Species of flowering plant

Atriplex hymenelytra, the desert holly, is silvery-whitish-gray shrub in the family Amaranthaceae, native to deserts of the southwestern United States. It is the most drought tolerant saltbush in North America. It can tolerate the hottest and driest sites in Death Valley, and remains active most of the year.

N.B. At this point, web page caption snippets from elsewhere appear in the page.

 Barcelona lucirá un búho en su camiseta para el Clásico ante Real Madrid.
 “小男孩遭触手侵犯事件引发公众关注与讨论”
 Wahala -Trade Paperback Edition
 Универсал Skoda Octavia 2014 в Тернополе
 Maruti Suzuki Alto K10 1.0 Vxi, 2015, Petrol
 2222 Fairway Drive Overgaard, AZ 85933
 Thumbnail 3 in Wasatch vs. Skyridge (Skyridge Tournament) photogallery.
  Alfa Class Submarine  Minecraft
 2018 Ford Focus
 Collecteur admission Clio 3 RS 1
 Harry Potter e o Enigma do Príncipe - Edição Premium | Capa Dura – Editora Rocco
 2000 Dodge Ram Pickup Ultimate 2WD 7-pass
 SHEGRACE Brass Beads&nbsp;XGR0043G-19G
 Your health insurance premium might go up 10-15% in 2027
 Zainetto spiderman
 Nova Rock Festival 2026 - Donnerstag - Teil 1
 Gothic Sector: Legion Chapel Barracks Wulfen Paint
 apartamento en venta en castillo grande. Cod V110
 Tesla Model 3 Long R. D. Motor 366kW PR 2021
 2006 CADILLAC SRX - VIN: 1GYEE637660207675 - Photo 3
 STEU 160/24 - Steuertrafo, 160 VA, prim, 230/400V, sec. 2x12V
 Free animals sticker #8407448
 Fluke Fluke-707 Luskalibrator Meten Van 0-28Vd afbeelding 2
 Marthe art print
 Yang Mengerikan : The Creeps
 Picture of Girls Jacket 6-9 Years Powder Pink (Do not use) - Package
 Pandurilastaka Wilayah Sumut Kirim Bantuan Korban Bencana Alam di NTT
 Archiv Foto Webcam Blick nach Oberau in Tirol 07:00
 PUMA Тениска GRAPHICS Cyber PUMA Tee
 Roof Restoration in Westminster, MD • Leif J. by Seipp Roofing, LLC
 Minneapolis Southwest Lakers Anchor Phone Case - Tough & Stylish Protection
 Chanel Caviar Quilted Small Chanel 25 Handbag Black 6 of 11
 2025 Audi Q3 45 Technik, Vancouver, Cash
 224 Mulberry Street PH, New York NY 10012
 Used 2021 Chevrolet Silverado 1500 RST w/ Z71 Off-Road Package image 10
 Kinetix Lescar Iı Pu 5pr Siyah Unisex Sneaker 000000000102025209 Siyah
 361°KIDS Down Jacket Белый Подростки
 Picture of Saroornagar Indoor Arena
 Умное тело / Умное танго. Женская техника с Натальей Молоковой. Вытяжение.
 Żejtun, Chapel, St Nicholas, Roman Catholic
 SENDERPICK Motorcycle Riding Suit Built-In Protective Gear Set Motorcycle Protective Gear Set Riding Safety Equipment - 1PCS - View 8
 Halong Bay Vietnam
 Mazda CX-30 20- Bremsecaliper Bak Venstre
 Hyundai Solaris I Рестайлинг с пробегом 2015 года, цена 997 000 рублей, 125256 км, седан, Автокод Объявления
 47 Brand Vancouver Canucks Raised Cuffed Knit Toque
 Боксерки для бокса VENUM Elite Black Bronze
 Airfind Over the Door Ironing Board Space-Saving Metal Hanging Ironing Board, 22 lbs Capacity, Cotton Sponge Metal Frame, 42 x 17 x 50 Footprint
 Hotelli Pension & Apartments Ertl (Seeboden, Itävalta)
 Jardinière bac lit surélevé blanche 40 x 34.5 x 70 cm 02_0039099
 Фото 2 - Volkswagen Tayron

The common name refers to the leaves that are shaped similar to holly, but the plants are not related. The toothed leaves and the small reddish fruits borne on the plant give it a passing resemblance to the unrelated European holly.
==Range and habitat==
Desert holly grows in alkaline locations such as desert dry wash and creosote bush scrub in the Mojave Desert and Sonoran Desert down to Baja California. In the Sonoran Desert it grows in northwestern Mexico, western Arizona, and southeastern California to southwestern Utah, and can be found at elevations ranging from 250 to 3900 ft.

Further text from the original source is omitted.